The boundary between normal and abnormal appears to be largely subjective. “One person’s excessive suspiciousness is another’s due caution, and one person’s trust is another’s gullibility.” (Blaney & Millon, 2009, p. 362) The “trade-off between vigilance and vulnerability” is something I had not considered… that balance is perceived to be the issue when it comes to paranoid personality disorder (PDD), paranoid schizophrenia (PS), and or delusional disorder (DD). “Any stubborn genius will have ideas that happen to be wrong as well as those that happen to be right.” This observation seems to suggest that the people who often suffer from these disorders are extremely intelligent, and thus, may have some beliefs that are in fact sane, relevant, and true. It would suffice to say that I am going to use caution when pursuing this diagnosis… Einstein was considered to be delusional!
Most studies that have been done to date have focused on persecutory delusions… either by design or because they are more common and subsequently easier to find suitable samples. Persecutory delusions involve a degree of suspiciousness, or are generally mistrustful and/or wary. It is suitably difficult to measure the tangible levels of suspiciousness via self report, however, since some sufferers may be too guarded to admit that they are suspicious. The very process of self report is likely to “trip the defenses of” and subsequently increase guardedness. Further compounding the efficacy of self-report inventories is the issue that sufferers may be reporting reality, betraying hypersensitivity, or some combination of both. This highlights the necessity of multiple-peer reports that can confirm the interpersonal difficulties of the sufferer. We, as clinicians, will have to be diligent about securing 3rd party sources (schools, work environment, relatives, other individuals whom are close to the client) in order to get as many perspectives on the conditions as possible.

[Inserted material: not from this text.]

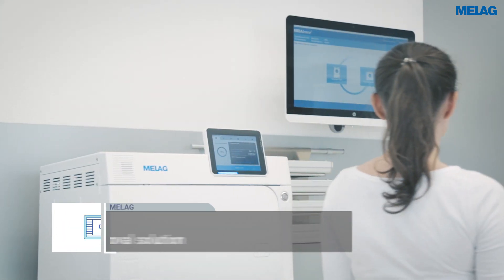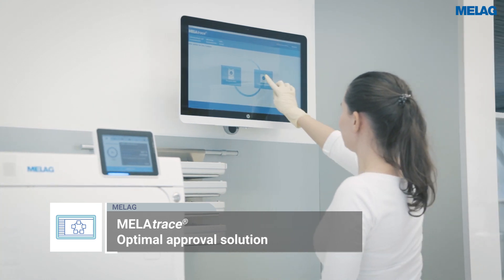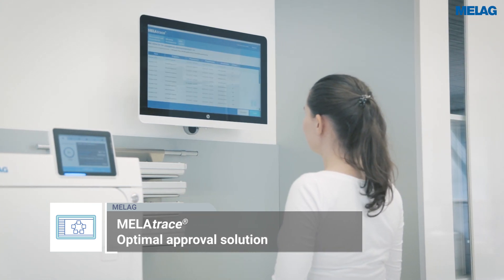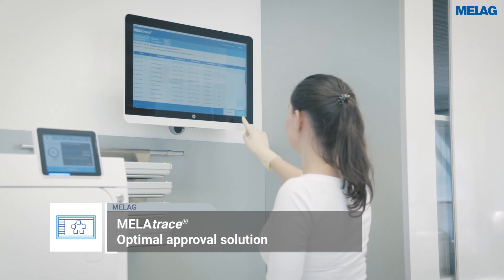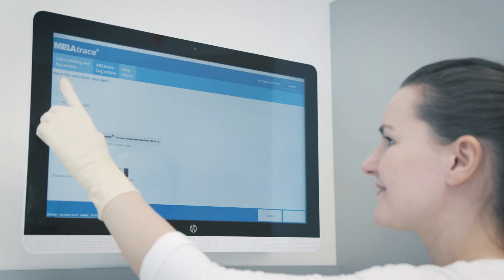The additional documentation and approval software, MieleTrace, links the single steps of cleaning and disinfection with the sterilization to guarantee a complete and comprehensive documentation of the entire decontamination process.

There are several dimensions of delusions… most notably belief certainty (emotional commitment, conviction), self-monitoring (insight), distress, and frequency. I was particularly interested in the “double awareness phase” in which a patient wavers between embracing a delusion and recognizing that its delusionality. Of note, is the observation that psychotropic medications reduce engagement in delusions, thereby improving overall functionality, but ultimately leave actual beliefs untouched? This seems to parallel the overall trend of medications “treating the symptoms and not the cause.”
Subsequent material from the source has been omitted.